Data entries
====

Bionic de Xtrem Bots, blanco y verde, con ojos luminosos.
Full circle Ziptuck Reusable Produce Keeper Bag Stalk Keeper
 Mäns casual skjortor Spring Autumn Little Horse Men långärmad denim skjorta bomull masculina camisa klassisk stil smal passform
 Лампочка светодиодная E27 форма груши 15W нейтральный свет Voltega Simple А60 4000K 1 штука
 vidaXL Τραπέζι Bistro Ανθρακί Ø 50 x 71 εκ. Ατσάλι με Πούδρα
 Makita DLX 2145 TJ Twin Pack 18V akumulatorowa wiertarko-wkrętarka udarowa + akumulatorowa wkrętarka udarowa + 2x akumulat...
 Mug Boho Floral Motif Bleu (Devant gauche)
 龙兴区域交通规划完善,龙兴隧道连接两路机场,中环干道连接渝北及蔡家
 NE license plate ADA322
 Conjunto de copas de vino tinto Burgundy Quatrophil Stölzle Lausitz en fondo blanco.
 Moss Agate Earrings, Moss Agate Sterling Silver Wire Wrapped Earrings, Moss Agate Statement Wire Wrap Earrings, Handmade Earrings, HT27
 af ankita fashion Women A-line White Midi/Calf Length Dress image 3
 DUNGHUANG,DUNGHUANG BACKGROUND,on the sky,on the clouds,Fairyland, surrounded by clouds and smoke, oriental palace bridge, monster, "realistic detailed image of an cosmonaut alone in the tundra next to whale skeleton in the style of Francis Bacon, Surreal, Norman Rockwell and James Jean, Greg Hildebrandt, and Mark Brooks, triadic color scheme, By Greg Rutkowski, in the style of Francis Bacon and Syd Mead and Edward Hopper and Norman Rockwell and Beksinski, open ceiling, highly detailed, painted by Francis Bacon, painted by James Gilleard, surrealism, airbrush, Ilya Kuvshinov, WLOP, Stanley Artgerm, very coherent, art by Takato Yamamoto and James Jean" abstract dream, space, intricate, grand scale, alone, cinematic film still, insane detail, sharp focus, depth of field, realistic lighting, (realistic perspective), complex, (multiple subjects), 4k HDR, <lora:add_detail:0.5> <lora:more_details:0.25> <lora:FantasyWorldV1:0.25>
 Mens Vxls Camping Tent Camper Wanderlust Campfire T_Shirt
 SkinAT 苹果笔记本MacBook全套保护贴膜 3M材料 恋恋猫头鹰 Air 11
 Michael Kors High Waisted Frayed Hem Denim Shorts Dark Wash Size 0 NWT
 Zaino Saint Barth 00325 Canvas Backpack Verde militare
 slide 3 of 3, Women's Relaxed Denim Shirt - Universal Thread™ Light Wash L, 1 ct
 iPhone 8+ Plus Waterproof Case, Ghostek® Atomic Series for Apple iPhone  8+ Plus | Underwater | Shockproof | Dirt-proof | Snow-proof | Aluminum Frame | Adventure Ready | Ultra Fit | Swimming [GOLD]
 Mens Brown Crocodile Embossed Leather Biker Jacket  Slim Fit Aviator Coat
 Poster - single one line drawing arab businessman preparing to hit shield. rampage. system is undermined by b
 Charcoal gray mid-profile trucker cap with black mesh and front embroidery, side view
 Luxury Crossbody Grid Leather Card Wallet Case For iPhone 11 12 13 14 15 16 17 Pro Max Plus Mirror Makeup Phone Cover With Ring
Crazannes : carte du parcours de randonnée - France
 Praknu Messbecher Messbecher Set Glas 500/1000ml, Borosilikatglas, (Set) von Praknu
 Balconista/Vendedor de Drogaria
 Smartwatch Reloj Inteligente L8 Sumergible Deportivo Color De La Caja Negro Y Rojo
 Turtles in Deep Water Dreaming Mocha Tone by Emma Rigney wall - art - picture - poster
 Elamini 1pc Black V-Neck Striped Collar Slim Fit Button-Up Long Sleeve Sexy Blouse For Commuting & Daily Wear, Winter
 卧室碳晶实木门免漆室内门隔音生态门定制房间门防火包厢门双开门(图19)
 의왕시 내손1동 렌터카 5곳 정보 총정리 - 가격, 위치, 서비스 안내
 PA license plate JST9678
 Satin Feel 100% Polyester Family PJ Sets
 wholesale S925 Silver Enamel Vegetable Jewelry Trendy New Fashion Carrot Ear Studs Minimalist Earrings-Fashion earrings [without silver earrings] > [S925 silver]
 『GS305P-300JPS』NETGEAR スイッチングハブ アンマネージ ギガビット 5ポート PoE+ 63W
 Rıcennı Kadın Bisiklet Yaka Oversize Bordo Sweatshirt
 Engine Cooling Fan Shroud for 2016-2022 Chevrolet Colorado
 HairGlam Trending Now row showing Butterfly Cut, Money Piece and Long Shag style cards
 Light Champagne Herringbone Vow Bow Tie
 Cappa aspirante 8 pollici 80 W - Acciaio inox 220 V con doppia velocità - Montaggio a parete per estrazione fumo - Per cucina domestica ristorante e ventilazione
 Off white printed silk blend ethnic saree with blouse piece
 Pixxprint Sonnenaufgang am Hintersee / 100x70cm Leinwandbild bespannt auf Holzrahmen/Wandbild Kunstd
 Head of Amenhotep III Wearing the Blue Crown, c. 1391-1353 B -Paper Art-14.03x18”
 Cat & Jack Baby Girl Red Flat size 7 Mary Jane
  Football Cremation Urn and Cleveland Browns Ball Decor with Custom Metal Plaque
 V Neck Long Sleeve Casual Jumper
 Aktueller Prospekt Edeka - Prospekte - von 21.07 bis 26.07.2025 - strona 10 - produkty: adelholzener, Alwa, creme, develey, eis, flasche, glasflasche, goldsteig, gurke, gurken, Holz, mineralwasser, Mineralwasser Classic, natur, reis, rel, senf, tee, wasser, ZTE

====

Task requirements >>
Where a line above contains the word "Women", copy that line.

Your response >>
 af ankita fashion Women A-line White Midi/Calf Length Dress image 3
 slide 3 of 3, Women's Relaxed Denim Shirt - Universal Thread™ Light Wash L, 1 ct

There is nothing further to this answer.